March 8 is International Women's Day. This is a day that historically commemorated the demand by women for better working opportunity, pay, and conditions, but expanded to include demands for equal rights for women in all areas, including healthcare, reproductive rights, environmental safety, childcare, and political rights.
In 1911, New York City mostly female, immigrant garment workers were often locked into their workplace for long shifts under hazardous conditions. On one occasion, the Triangle Shirtwaist Factory caught on fire, and the women were unable to escape because they had been locked in. Many jumped to their death from the upper floors of the factory building. This incident came to symbolize the plight of working women, and led to the creation of the first union representing the garment workers, and became the focus of International Women's Day marches for years to come.
The organization of women into political groups has waxed and waned over the years, but often is in the forefront of anti-war activities, and a demand for a better life for all people.
A few decades ago, when the cigarette industry sold the public on the idea that "liberated" women smoked cigarettes as a sign of their independence and intelligence, a cigarette brand named "Virginia Slims" used the slogan: "You've Come A Long Way Baby." Well the fact is, we have not.
Every generation of women ends up fighting the same battles over and over again. Starting with the struggle to end violence against women, which continues to be common in all countries of the world. It is a shared problem among western developed countries and in the poorest third world failed states. Women are beaten, mutilated, murdered, enslaved, sold for sex purposes, and routinely abused without any intervention by the government to punish those who commit these acts, or to educate future generations to end the violence.

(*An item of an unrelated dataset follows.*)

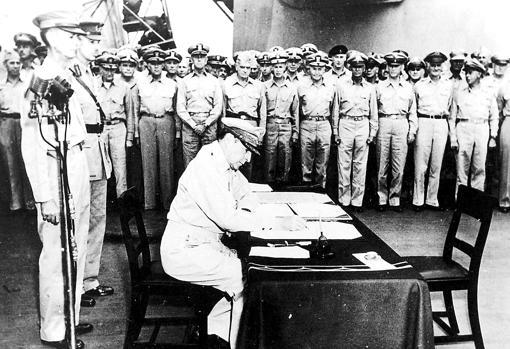 MacArthur Signe la cession du Japon à bord du Missouri, Percival à gauche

Amnesty International unfortunately has an entire section devoted to the sole issue of violence against women, which is so overwhelming and so widespread that it requires its own division. In the U.S., the wealthiest nation in the world (as they keep telling us), we have no national program to end violence against women. And we suffer from violence in every class, every race, every educational sector. The police are better at prosecuting now, but we still routinely see the battered woman defending the batterer, often because she has low self-esteem and because violence is still considered to be the result of something the woman did. She asked for it, in other words. We need a national educational program, much like the anti-smoking crusade, to end violence against women.
One of the focuses of women's rights in third world countries is the effort to end female genital mutilation. In some countries, a woman's clitorus is cut off to prevent women from enjoying sex and, theoretically prevent her from ever wanting to have sex with anyone. Sex with her husband will be a chore, but she will never experience true sexual arousal or pleasure. In the U.S., we see such practices as barbaric. Yet it is routine in our country for women to have their noses sliced off to try to please men, have molded plastic permanently inserted into their chins, cheeks, chest walls, and butt, have fat sucked out of their bodies, have poison injected into their faces or have their face sliced off, pulled taut, and re-attached, all in an effort to please men and avoid being rejected by the male power structure. Who's calling whom barbaric?

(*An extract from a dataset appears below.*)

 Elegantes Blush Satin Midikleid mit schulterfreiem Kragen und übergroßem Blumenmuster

International Women's Day is celebrated in many countries throughout the world, but not so much inside the U.S. It's interesting that the two "women's" holidays that are celebrated in this country are devoted to women in their traditional roles: Valentines' Day (women as sweetheart) and mother's day(the Madonna). International Women's Day is for women in their capacity as workers, to recognize their rights for equal opportunity, wages, decent healthy working conditions for all workers, a decent wage, as well as a respect for and support of a healthy community for their families. Women demanding rights instead of passively sitting back in their more traditional roles, in other words.
In the U.S., one of the fables promoted by the Republicans, the right-wing and the religious right is that women's true nature, God-given, is to stay home and cook, clean, bear and raise children, and be a slave to her husband. Any woman working outside the home is seen as a temporary, accidental issue, one which should be ignored. The men should find a way to get more money so they can return the wife to the home and keep her in the kitchen, away from the sordid arena of commerce.
But the truth is that women work full-time just like men do, and women's paychecks are required to put food on the family's table and shoes on the kids' feet. Just like the men's paychecks. And women working is not a temporary condition. It more likely will be the case for most young girls in this country. So we should stop the fantasizing and start demanding that women receive equal rights, opportunity, pay, benefits, and working conditions. Women really do hold up half the world. We'd rather have a pay raise than a bouquet, and would rather have a pension than a peignoir.